Taro Daniel

26 Giugno 2025

Giuseppe Canetti

Il tennis non è uno sport “popolare”. L’ennesima testimonianza arriva da Taro Daniel

Ci risiamo. In queste ore è arrivata l’ennesima conferma che la vita di un tennista non è poi così semplice e che il tennis ancora non può definirsi uno sport “popolare”.

Non bastasse l’essere soli in campo, e sempre sotto pressione. Esistono numerosi aspetti che gravano sulla carriera dei protagonisti del nostro amato sport.

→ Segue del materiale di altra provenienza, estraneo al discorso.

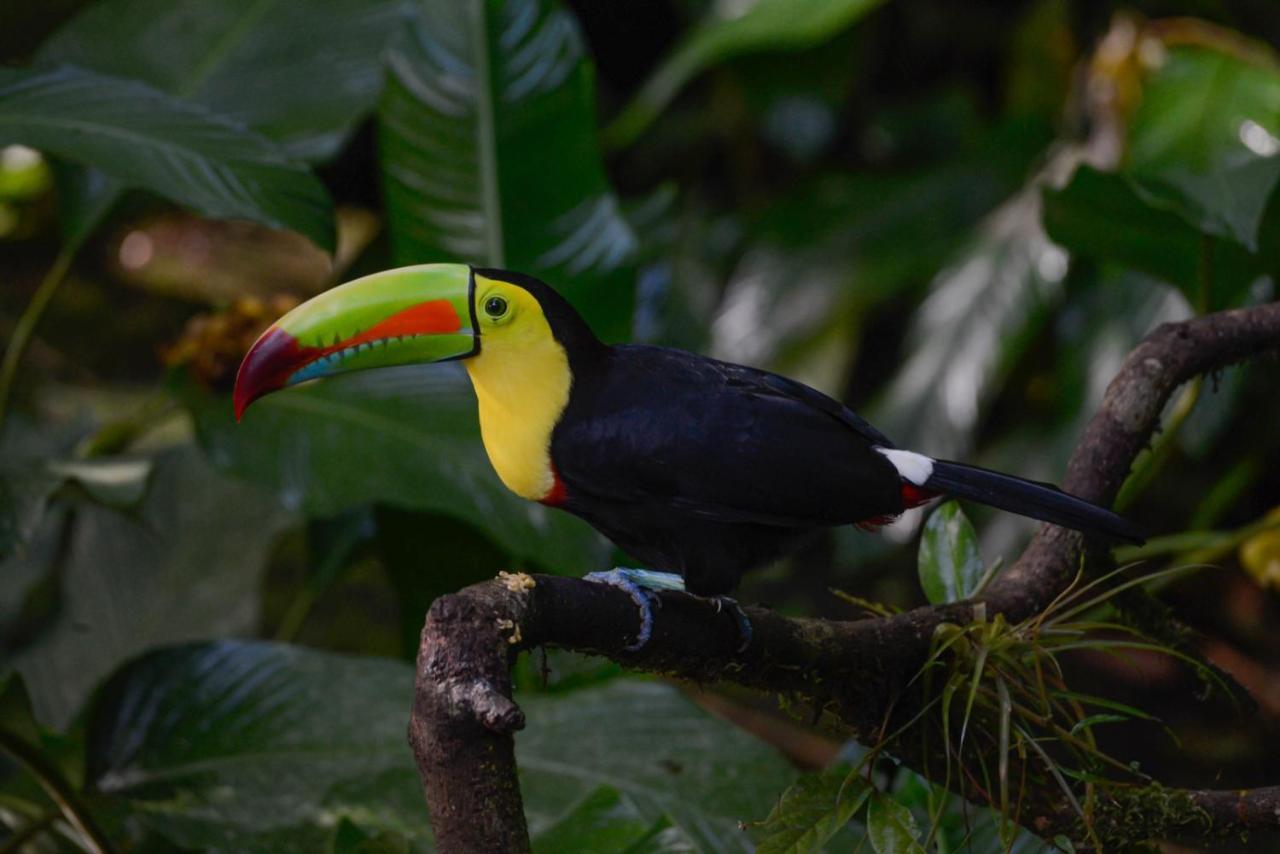 Veragua Rainforest Puerto Limon Bagian luar foto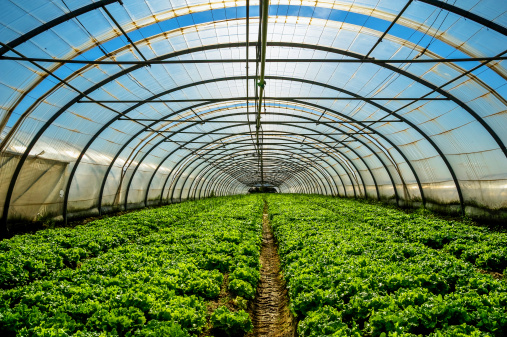 Greenhouse para el cultivo de ensalada photo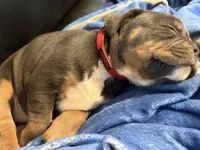 Zaza , a female American Bully for sale in Sullivan, IL – 8 of 8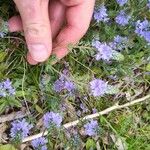 Veronica prostrata Flower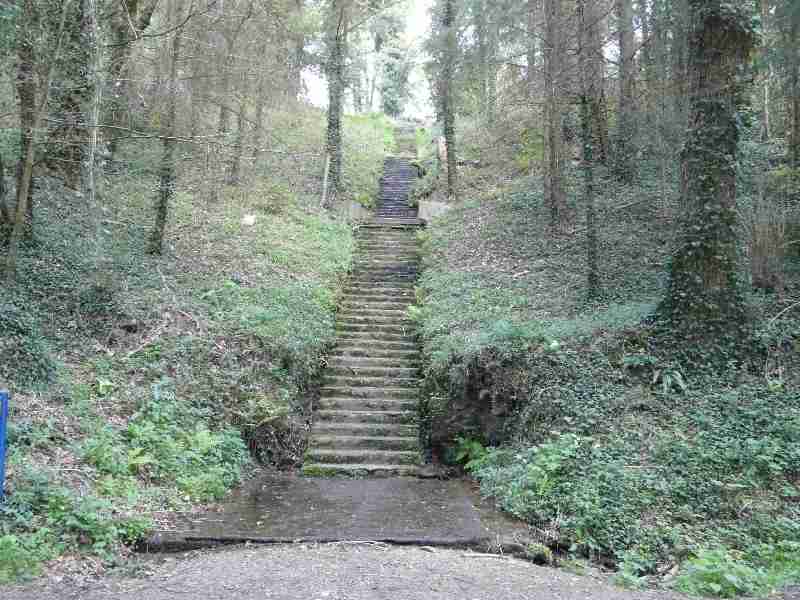 Escalier menant  la Fontaine de Pendreo   Belle-Isle en Terre (22)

Le rinunce, la mancanza di casa, i sacrifici che col passare del tempo diventano sempre più insostenibili. A volte si dicealmeno guadagnano tanti soldi. Ebbene, questo non è certamente un discorso valido in ottica generale. Tutt’altro.

Taro Daniel
Foto Instagram Daniel

Da recenti stime, infatti, è emerso che solo una piccola minoranza di tennisti professionisti si arricchiscono giocando a tennis. Il “cut-off” si aggira tra i primi 150-200 giocatori al mondo. Gli altri vivono spesso una situazione economica turbolenta, e a volte le difficoltà riguardano anche chi rientra nella fascia sopracitata. Lo si evince dalle dichiarazioni rilasciate dal giapponese Taro Daniel ai microfoni del Financial Times.

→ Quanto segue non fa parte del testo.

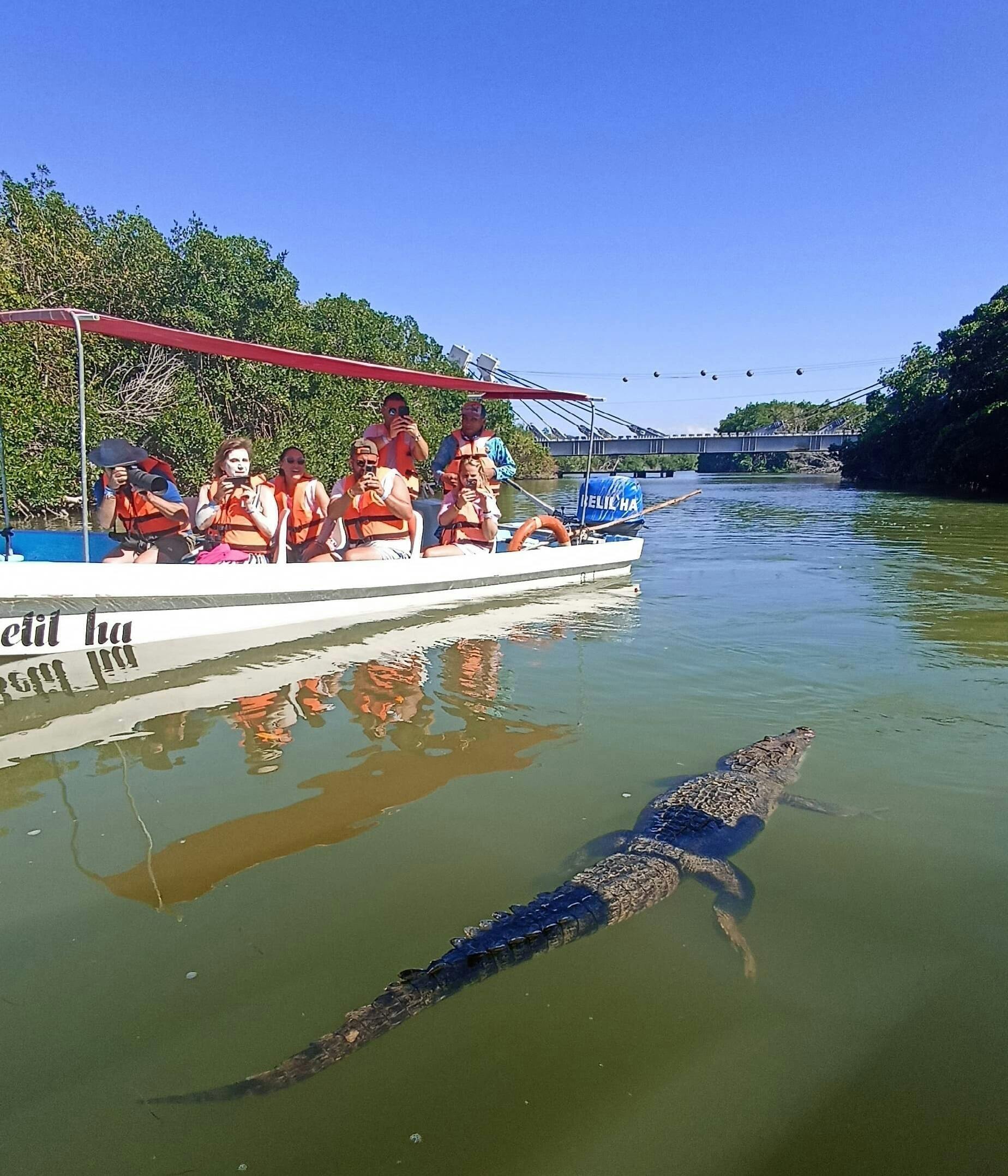 Full-day Rio Lagartos and Las Coloradas guided boat tour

Taro Daniel e le difficoltà economiche dei tennisti di “seconda fascia”

“Si tratta di cifre assolutamente irrealistiche, perché intanto i soldi vengono guadagnati all’estero, quindi il premio è tassato alla fonte. Il tennista è una piccola azienda, ma con tutti i dipendenti che viaggiano continuamente”, esordisce Il 32enne newyorkese naturalizzato nipponico. Un coach può costare 50.000 dollari all’anno, più il 10% dei montepremi. Per questo la spesa si aggira intorno ai 100.000 dollari annui, e non certo per un coach esperto”, aggiunge.

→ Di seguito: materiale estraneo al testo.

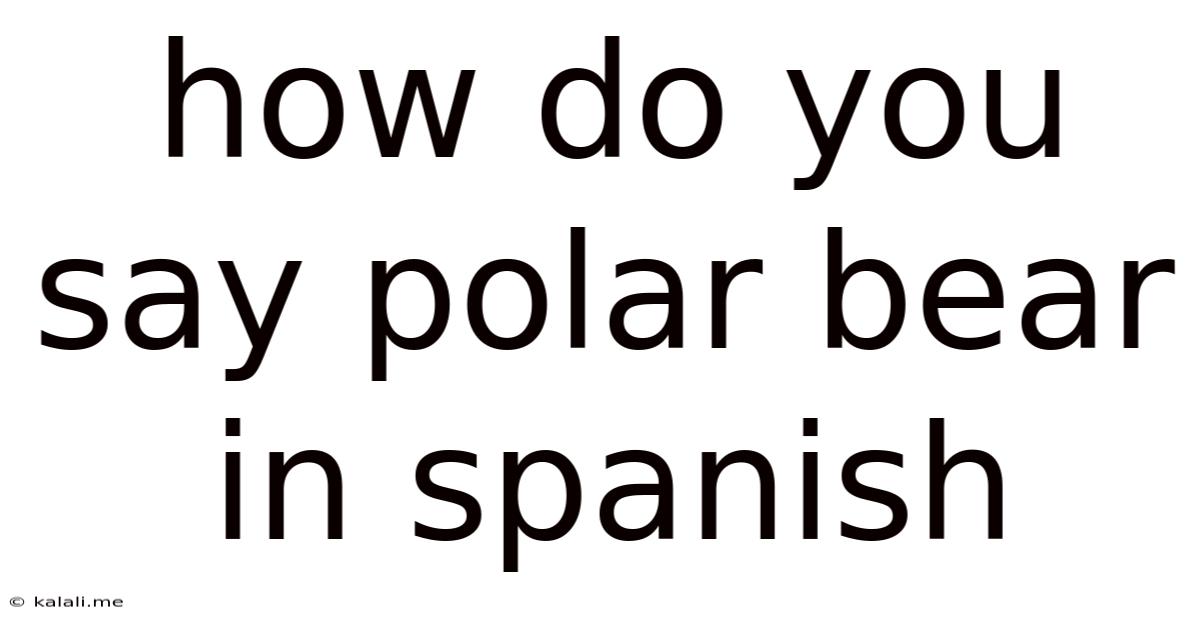How Do You Say Polar Bear In Spanish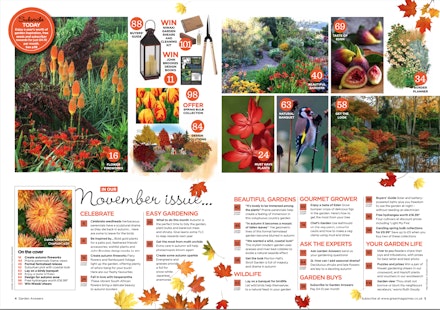 Full list of November 2021 issue content Full list of November 2021 issue content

Come noto la maggior parte degli eventi assicura ai tennisti almeno l’alloggio (spesso anche il vitto), ma non garantisce gli stessi confort allo staff che è a loro seguito. Solamente di spese operative un giocatore normale spende circa 20mila dollari al mese, tra cibo, hotel e spostamenti. Quando ero giovane rinunciavo all’avocado, perché costava qualche dollaro di troppo”, sottolinea Daniel.

Un altro problema è quello relativo a voli e trasferimenti, che sono tutti a carico del tennista. E non è possibile nemmeno risparmiare prenotando con largo anticipo, dal momento che la programmazione dipende esclusivamente dai risultati. “Un volo last minute da Indian Wells a Miami costa almeno 500 dollari, e la maggior parte dei giocatori porta con sé due persone più un bagaglio extra per racchette e attrezzatura. Insomma, un viaggio di sola andata e completamente “interno” agli Stati Uniti può arrivare a costare fino a 2.000 dollari, rivela l’attuale numero 157 al mondo (ex 58 Atp).

In tale contesto travagliato, c’è inoltre da fare i conti con alcuni sponsor ‘poco informati’ che tengono presente solo di quanto accade nel circuito Atp. “Con queste vittorie gli sponsor capiscono che sono un vero professionista, perché se dici che hai vinto 20 Challenger è possibile che ti chiedano che cosa sia esattamente un Challenger, racconta Daniel.

Il nipponico, poi, tira le somme affermando che la spesa annuale di un tennista è di circa 440mila dollari: 100.000 per coach e preparatore, 70.000 di bonus sui montepremi, 30.000 per lo staff e 240.000 tra spese varie e costi operativi. Cifre da incubo per la stragrande maggioranza dei giocatori, che suggeriscono la necessità di intervento da parte dei vertici del tennis mondiale.

La soluzione di Daniel

Che tipo di intervento? Secondo Daniel, una parziale soluzione ai problemi economici dei tennisti non di primissima fascia potrebbe essere la seguente:

I quattro tornei dello Slam attirano un giro di denaro mostruoso, incassando una cifra compresa tra i 350 e i 500 milioni di dollari all’anno. Penso che la soluzione più giusta sia quella di dividere una parte di quella torta, dando 100mila dollari a testa a tutti i primi 300 o 400 tennisti del ranking mondiale. Questo compenso verrebbe fornito dalle varie associazioni, dagli Slam, da WTA e da ATP, si tratterebbe di circa 8 milioni da ognuna delle organizzazioni, mi sembra un’operazione di buon senso e assolutamente praticabile”.